**ABOUT THIS TASK:** Exact copy, no pictures: every line from the one that contains "Инобат Инобат" through the end of the data below, and nothing else.

SUPPLIED MATERIAL below:

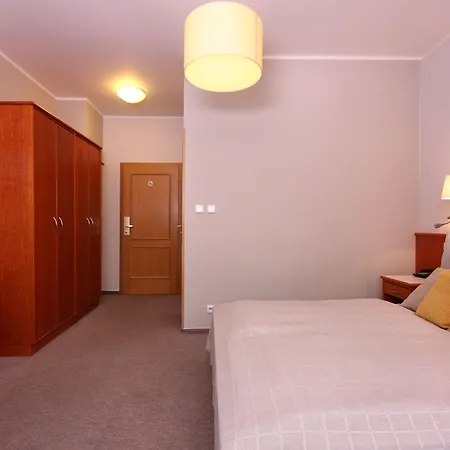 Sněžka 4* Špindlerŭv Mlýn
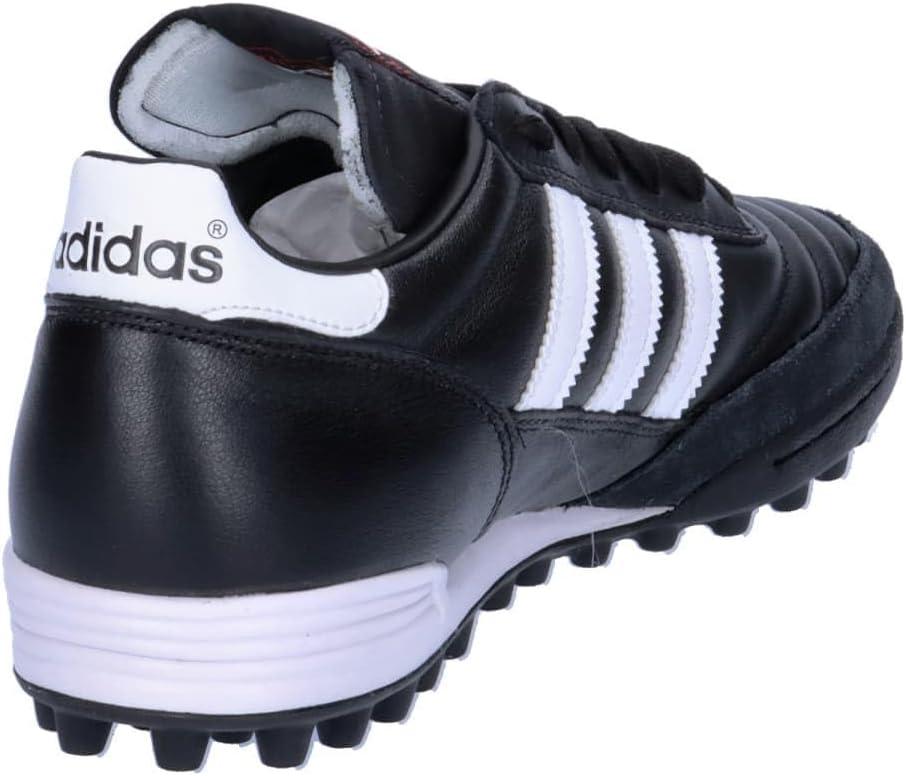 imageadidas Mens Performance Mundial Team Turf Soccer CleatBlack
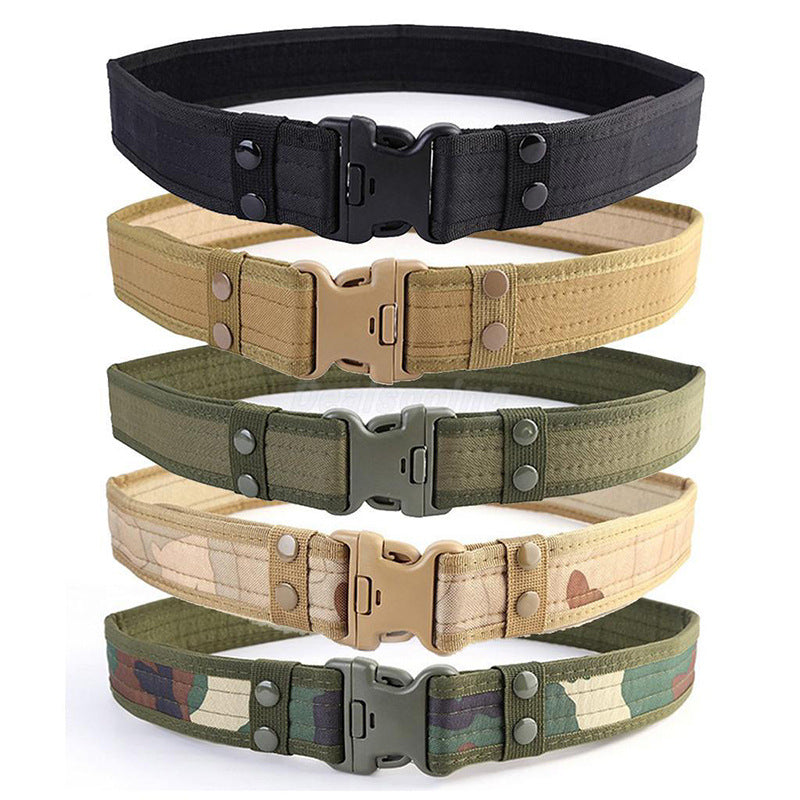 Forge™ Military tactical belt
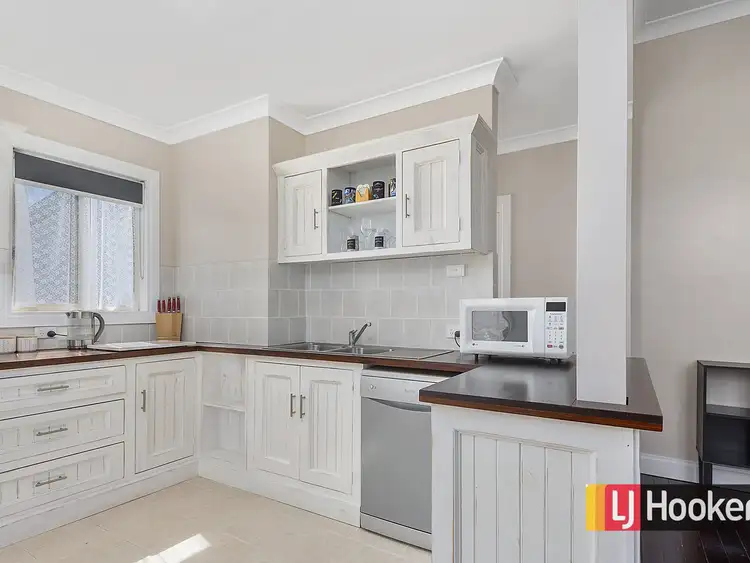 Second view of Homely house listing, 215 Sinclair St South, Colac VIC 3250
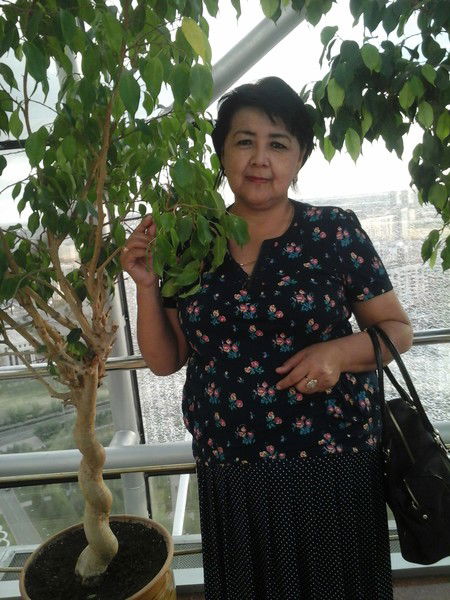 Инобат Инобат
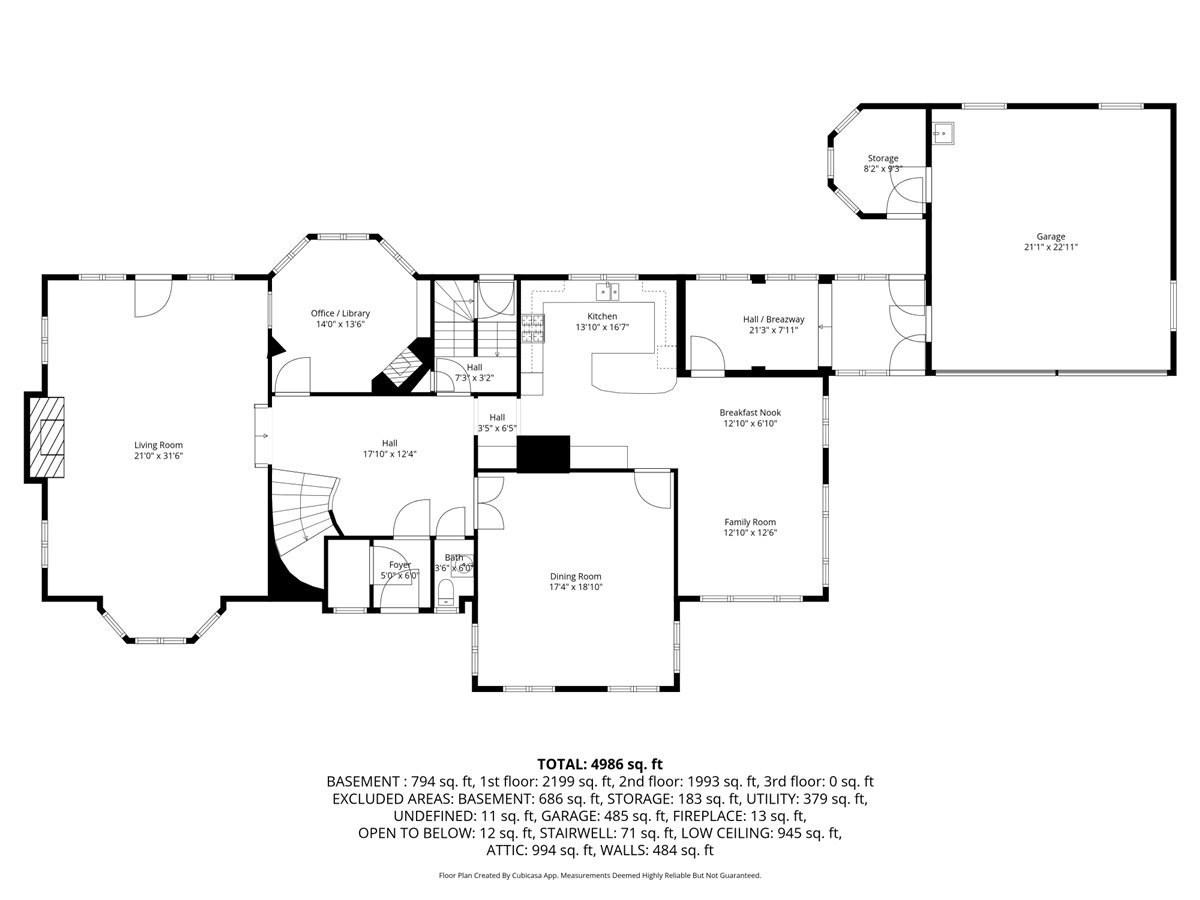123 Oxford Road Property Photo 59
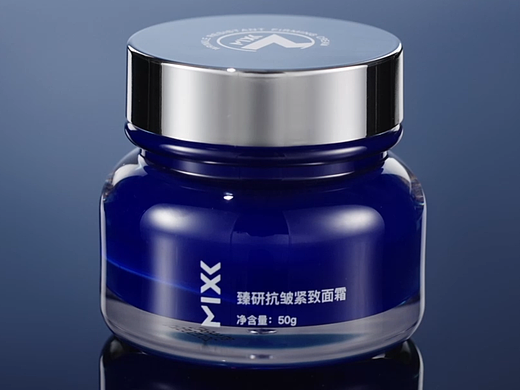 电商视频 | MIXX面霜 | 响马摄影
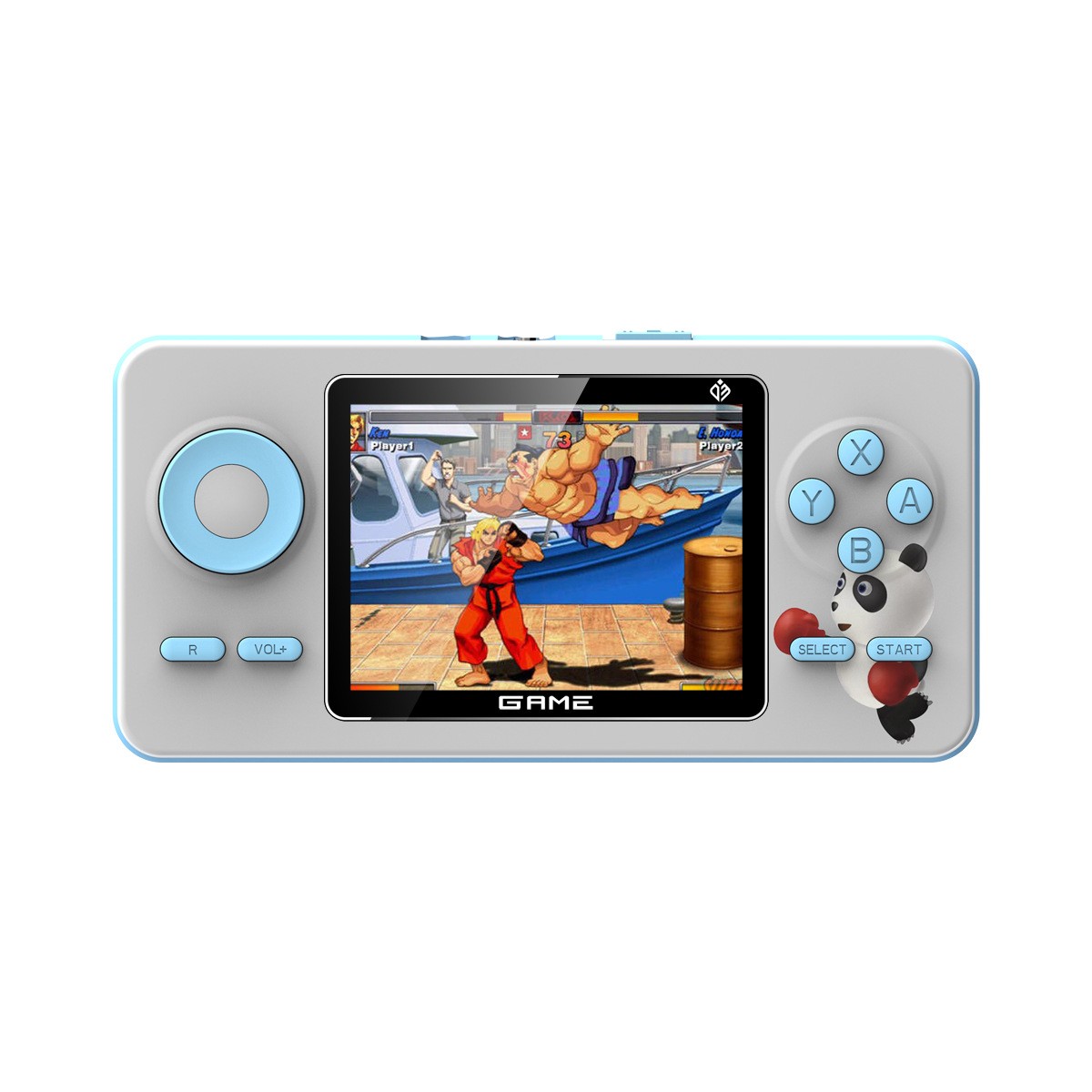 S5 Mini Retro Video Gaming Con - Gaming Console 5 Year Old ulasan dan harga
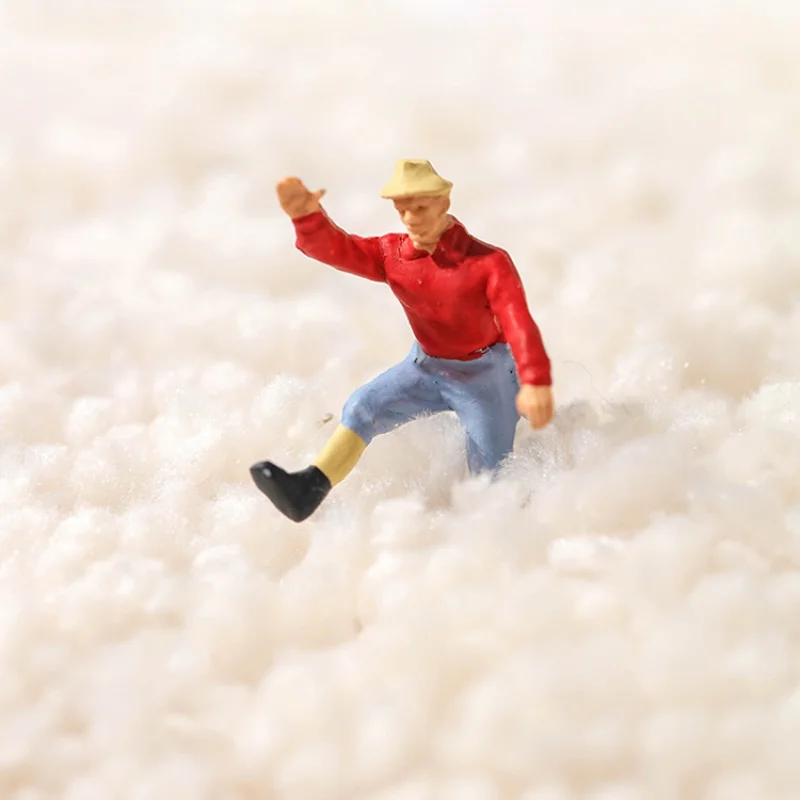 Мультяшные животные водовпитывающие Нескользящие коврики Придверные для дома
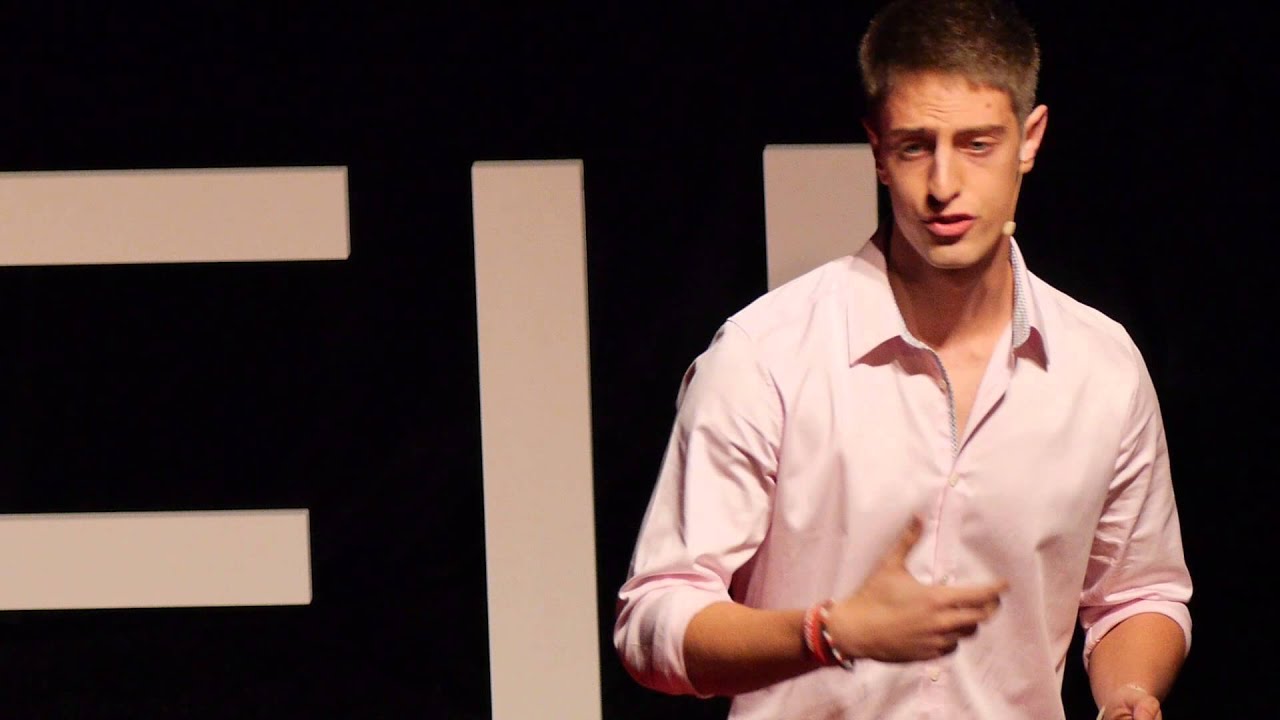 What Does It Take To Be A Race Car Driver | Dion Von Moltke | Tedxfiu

End of SUPPLIED MATERIAL.

**EXERCISE SOLUTION:**
 Инобат Инобат
123 Oxford Road Property Photo 59
 电商视频 | MIXX面霜 | 响马摄影
 S5 Mini Retro Video Gaming Con - Gaming Console 5 Year Old ulasan dan harga
 Мультяшные животные водовпитывающие Нескользящие коврики Придверные для дома
 What Does It Take To Be A Race Car Driver | Dion Von Moltke | Tedxfiu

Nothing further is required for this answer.